## The data
◇ ◇ ◇ ◇
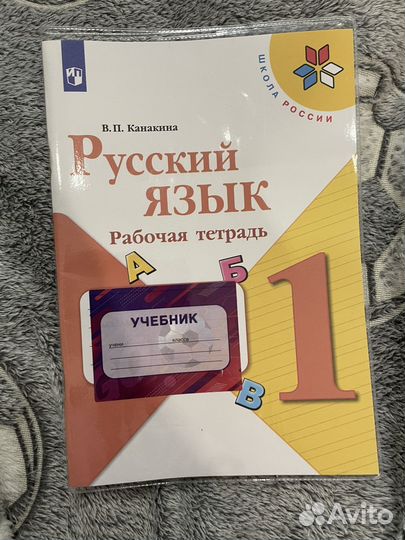 Рабочие тетради 1 класс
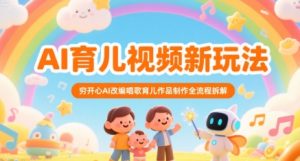 AI育儿视频新玩法，穷开心AI改编唱歌育儿作品制作全流程拆解-16888副业资讯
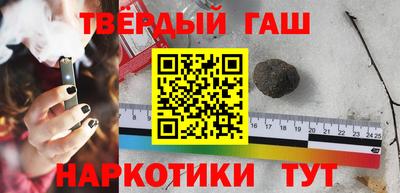 винт Будённовск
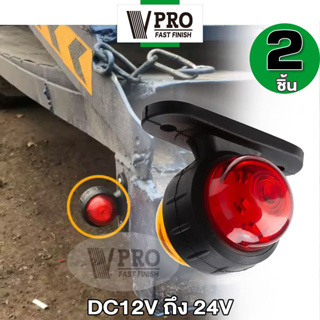 VPRO #VE64 2ชิ้น!! ไฟเลี้ยว LED ไฟข้างรถ รถยนต์ รถบรรทุก (สีเหลือง+สีแดง) 12V-24V  รถแทรกเตอร์ ไฟติดด้านข้างรถ  ^SA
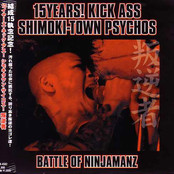 15 Years! Kick Ass Shimoki-Town Psychos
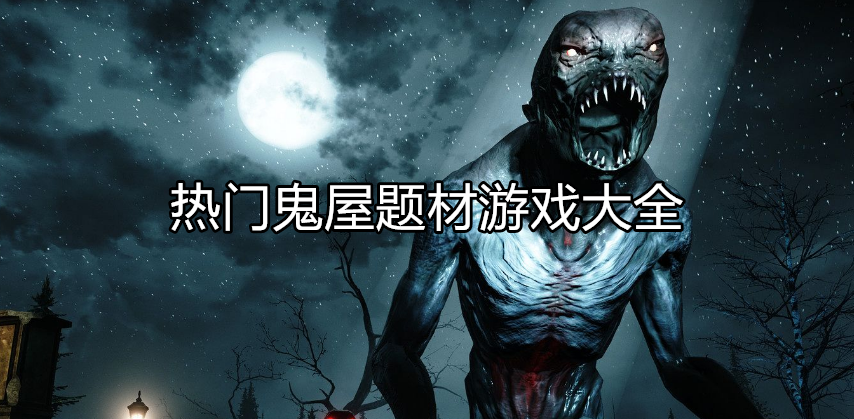 热门鬼屋类型游戏大全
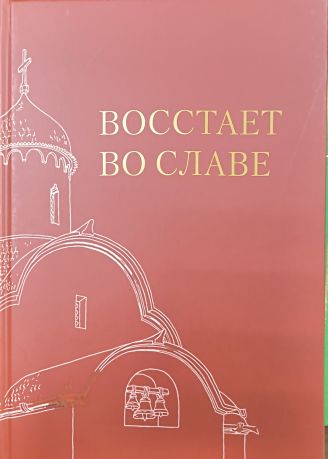 Восстает во славе. Каталог выставки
◇ ◇ ◇ ◇
## Description of the task
Where a record holds a picture, skip the picture and copy everything else exactly.

## Response area
 Рабочие тетради 1 класс
 AI育儿视频新玩法，穷开心AI改编唱歌育儿作品制作全流程拆解-16888副业资讯
 винт Будённовск
 VPRO #VE64 2ชิ้น!! ไฟเลี้ยว LED ไฟข้างรถ รถยนต์ รถบรรทุก (สีเหลือง+สีแดง) 12V-24V  รถแทรกเตอร์ ไฟติดด้านข้างรถ  ^SA
 15 Years! Kick Ass Shimoki-Town Psychos
 热门鬼屋类型游戏大全
 Восстает во славе. Каталог выставки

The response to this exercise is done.